What you do is extract up to N instructions from a block of memory (in this case, 16 bytes). If there are fewer than N instructions, well, you can only issue as many as you have; if there are more than N instructions, well, you can only issue N instructions that cycle. Note that most instructions are only a few bytes length; I don't have hard data on the average instruction length of an x86-64 instruction in practice, but my guess is it's around 3-4 bytes.
The hard part about a variable-length ISA, as I understand it (hardware is not my expertise), is that you have to build essentially a mux that can steer from 16 source places to 5 outputs.
> The hard part about a variable-length ISA, as I understand it (hardware is not my expertise), is that you have to build essentially a mux that can steer from 16 source places to 5 outputs.
It's not just the mux, it's the control signals for the mux.
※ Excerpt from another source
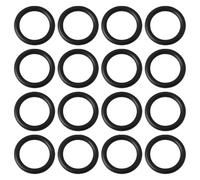 eMagTech 100Pcs O-Rings 5/16" ID X 7/16" OD X 1/16" Nitrile O-Ring for Hydraulic Pneumatic Motor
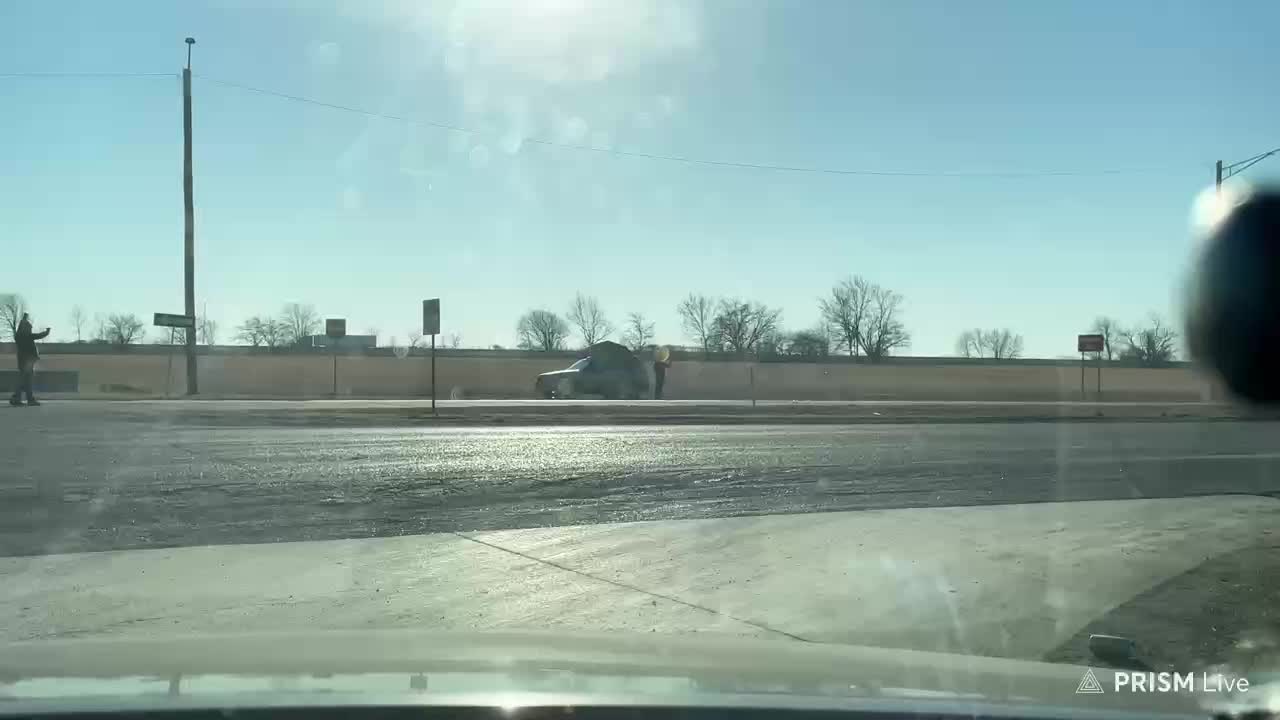 Live - Day 6 - The Peoples Convoy - Freedom - Leaving Oklahoma Heading to Sullivan Missouri.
If your first instruction in your 16-byte window is three bytes long, you can't realistically mux bytes 3-15 to the second decoder input, because you don't know that it needs to start decoding at byte 3 until /after/ the first instruction has decoded; so your gate delays would be the sum of the five decoders, plus muxing etc, and we're trying to do this at a single cycle.
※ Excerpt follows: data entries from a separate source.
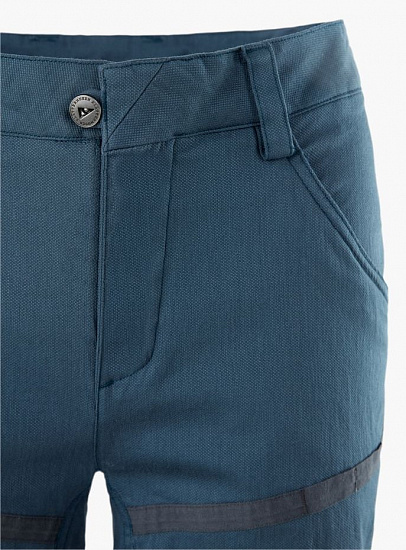 Шорты мужские Klattermusen Gefjon Midnight Blue - Фото 7 большая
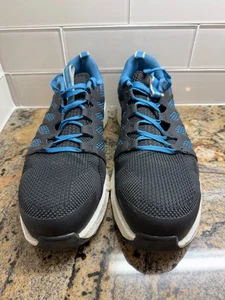 Reebok Fusion Flexweave Work Schwarz Blau 10W - Bild 1 von 4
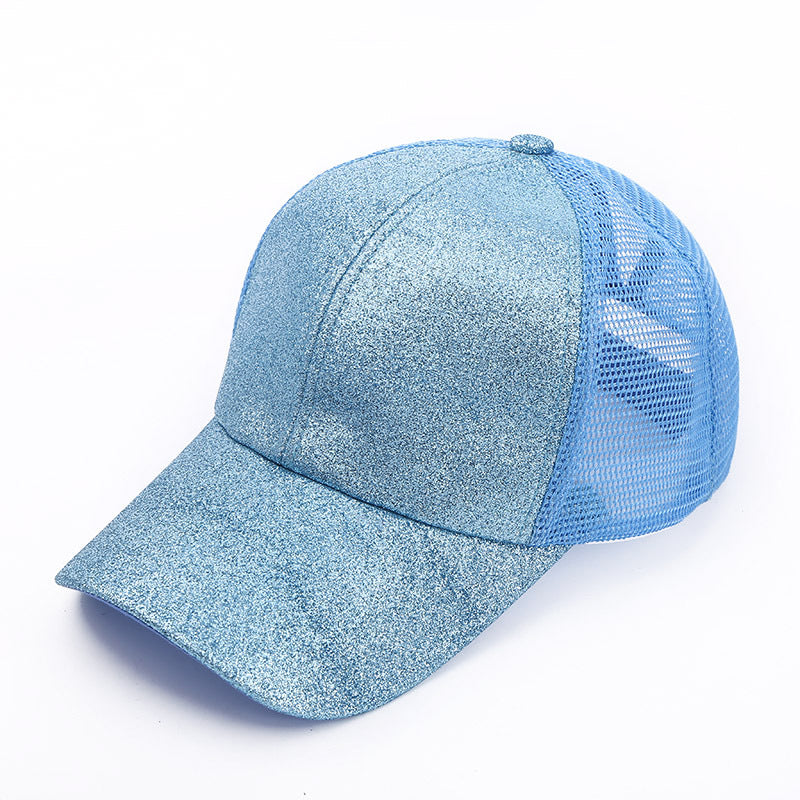 Beaira High Ponytail Baseball Cap for Women Spring Summer Sun Hat Running Snapback Hat Messy High Bun Women's Caps Female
The alternative is to have 16 decoders, each decoding what an instruction /would/ be if it started at a given byte. These all complete in parallel, but many of them might produce garbage. So we need to find the first five of these that have non-garbage outputs, and /then/ mux those sixteen possible outputs down to five channels. This is doable (and done), but it's a lot more hardware in both decoders and muxing than you might think at first.
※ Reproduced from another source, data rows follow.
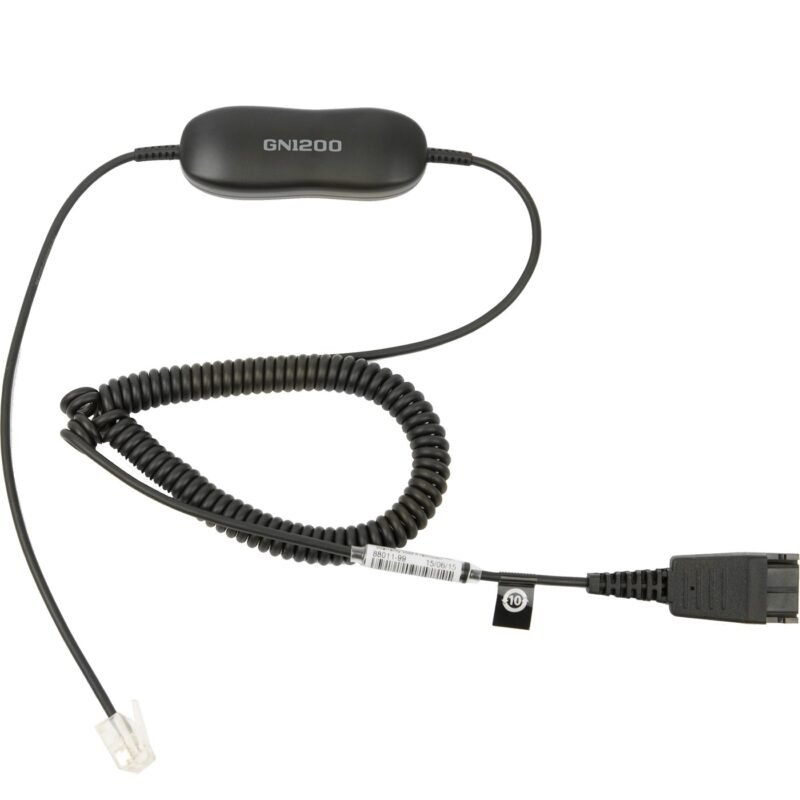 Jabra GN 1200 SMART Curly Cord, photo 1 of 1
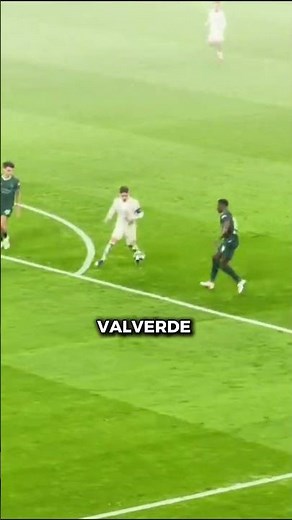 How Valverde scored a hat-trick against City without a penalty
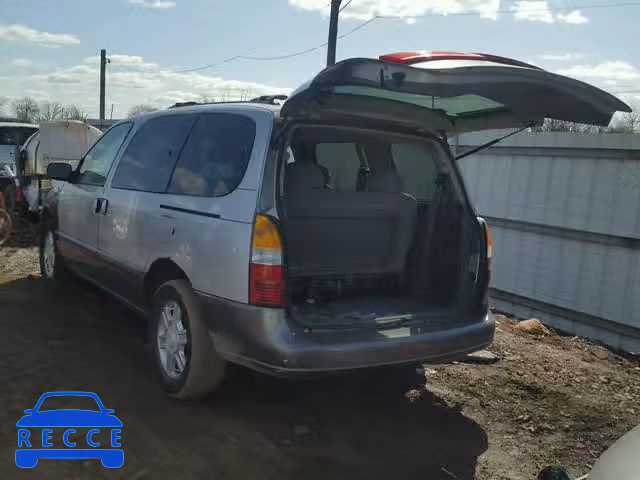 2002 MERCURY VILLAGER S 4M2ZV12T12DJ00152 Bild 2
Basically: To decode five instructions per cycle from a fixed-instruction-width stream takes five decoders. To decode up to five instructions per cycle from a variable-instruction-width stream takes number-of-possible-starts decoders and a mess of muxing. There really is a cost here.
The Thumb ISA is left as an exercise for the reader.
Very nice explanation! It gets very complex very quickly... And then there's of course also the fact you never know if your last bytes in the Ifetch you get from the cache is a full instruction or not. You'll need to keep that around until the next line arrives which will have the rest of that instruction.
And then add to that the complexity of speculative and out of order execution: you will want to very early decide, i.e. (pre)decode, where branch instructions are, in order to make sure your branch prediction unit has the right inputs in time, to decide where to fetch the next instructions from.
And after all that, on a branch mispredict earlier on (or pipeline flush for another reason), you might need to throw almost all of that expensively decoded instructions away and start fetching from elsewhere...
It all depends how much you want to get that last bit of performance and what you are willing to pay for it in terms of power, die area, all that.
And of course every part of it has to be balanced. It makes no sense to decode instructions faster than the system downstream can handle it, particularly if you are wasting resources to do so.
The reason why Intel has so many different implementations of x86 is to meet the needs of different market segments.
Yep. And it's worth saying that, contrary to my previous over-simplification, the trade-offs change once you give up on single-cycle instruction decoding. With a longer pipeline, you can do a split into 16 simple, small pre-decoders, that basically just extract the length of the instruction, /then/ mux on the inputs to just five full decoders. It adds a pipeline stage, but it can be lower area for the same sustained performance.
Trade-offs are everywhere. But certainly fixed width instructions, or variable-width-but-trivial-to-determine-length (Thumb before Thumb2, RISC-V compressed) have real advantages.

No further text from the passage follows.